Third, and most importantly, Americans are by-and-large reasonably comfortable with the environmental code as it exists. While they clearly aren’t ready to jump off an economic cliff and embrace the Kyoto Protocol, they aren’t about to enlist for political jihads against environmental regulations. Although a strong case for sweeping reforms can be made, the president would have to spend a tremendous amount of political capital to convince the public (and thus, its representatives in Congress) that the proposed changes wouldn’t lay waste to the environment. Without success in that arena, no substantive environmental reforms will pass no matter how aggressive the corporate community gets or how much “free-lancing” occurs within the Republican caucus.
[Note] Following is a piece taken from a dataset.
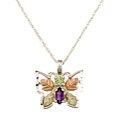 Black Hills Gold over Silver Peridot and Amethyst Butterfly Necklace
While such a reform campaign is long overdue, President Bush is well known for carefully husbanding his political capital. With wars against terrorism and Iraq and political campaigns for tax cuts, Social Security reform, terrorism insurance, tort reform, his “faith-based” initiative, and judicial appointments, it’s unlikely that President Bush will find the time to open up yet another can of political worms — particularly since opening this can could energize the Democratic base and lead to no end of poisonous demagoguery.

I wish it were otherwise, but there it is. While Green fundraisers will certainly find it useful to cry that the corporate wolf is at the environmental door, those warnings are less from the three pigs than from Chicken Little.